Exercise instructions:
Would you give the number of lines below in which the string "Piece" appears? Nothing else is needed.

Short web captions:
■ ■ ■ ■

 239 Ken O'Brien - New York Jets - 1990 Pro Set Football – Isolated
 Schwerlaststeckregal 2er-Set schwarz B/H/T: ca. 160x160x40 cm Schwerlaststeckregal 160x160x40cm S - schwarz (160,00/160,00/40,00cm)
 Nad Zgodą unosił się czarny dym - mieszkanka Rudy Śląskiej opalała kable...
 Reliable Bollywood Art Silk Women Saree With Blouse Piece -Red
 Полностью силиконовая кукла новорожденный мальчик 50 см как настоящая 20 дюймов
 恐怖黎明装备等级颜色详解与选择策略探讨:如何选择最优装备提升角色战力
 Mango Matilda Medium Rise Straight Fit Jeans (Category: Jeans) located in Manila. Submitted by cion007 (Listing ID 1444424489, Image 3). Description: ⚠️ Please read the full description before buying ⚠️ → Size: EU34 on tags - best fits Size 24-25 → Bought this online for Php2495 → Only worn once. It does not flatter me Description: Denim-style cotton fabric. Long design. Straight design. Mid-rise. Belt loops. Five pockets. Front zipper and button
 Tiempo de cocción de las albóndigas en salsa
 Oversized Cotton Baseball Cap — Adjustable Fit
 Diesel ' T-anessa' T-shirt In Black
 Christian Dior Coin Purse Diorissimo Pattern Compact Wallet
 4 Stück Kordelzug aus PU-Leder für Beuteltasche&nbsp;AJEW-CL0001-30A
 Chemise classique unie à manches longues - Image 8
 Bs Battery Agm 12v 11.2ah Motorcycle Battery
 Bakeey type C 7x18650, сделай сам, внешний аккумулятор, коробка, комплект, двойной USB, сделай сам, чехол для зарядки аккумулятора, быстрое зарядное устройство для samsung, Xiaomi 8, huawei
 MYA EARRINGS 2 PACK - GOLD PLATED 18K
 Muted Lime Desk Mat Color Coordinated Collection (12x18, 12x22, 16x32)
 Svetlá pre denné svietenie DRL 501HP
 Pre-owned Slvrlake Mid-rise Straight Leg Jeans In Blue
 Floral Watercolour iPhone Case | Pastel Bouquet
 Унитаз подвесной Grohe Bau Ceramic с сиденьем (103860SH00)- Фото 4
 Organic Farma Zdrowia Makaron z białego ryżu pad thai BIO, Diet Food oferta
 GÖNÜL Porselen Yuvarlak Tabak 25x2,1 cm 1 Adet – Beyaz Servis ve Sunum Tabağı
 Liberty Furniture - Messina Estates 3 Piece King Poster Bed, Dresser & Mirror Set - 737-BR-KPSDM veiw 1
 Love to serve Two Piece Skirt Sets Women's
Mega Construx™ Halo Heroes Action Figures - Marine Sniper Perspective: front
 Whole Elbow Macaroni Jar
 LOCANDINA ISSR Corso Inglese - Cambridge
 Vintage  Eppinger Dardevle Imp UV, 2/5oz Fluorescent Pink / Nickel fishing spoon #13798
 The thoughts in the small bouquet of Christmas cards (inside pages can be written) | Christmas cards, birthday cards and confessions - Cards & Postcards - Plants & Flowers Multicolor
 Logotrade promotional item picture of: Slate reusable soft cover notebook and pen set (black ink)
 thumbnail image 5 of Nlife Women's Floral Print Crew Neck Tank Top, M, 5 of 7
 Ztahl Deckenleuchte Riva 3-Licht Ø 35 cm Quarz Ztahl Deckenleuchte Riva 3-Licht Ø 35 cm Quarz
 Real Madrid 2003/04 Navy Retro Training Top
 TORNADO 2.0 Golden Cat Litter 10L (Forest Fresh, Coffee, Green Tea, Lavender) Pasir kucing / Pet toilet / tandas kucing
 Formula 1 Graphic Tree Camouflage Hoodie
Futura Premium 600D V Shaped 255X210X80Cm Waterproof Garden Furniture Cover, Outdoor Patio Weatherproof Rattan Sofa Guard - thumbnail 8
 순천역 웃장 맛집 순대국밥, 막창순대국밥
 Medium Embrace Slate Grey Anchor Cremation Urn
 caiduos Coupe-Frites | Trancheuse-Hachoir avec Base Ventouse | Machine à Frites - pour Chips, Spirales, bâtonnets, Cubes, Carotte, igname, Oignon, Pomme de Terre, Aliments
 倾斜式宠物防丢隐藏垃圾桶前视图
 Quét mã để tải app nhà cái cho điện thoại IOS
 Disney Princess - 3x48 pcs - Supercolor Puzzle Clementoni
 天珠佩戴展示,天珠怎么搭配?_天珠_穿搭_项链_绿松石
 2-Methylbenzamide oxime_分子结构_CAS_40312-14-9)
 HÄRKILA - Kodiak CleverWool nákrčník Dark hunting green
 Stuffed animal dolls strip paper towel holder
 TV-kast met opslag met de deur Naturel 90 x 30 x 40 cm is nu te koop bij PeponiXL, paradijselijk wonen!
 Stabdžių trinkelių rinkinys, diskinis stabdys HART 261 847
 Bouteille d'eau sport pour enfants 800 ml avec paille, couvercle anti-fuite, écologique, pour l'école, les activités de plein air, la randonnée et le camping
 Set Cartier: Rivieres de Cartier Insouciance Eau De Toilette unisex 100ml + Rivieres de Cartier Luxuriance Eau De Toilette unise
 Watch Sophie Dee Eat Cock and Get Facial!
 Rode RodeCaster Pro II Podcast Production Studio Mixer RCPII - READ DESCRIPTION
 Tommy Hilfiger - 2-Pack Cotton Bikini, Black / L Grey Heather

■ ■ ■ ■

Exercise result:
3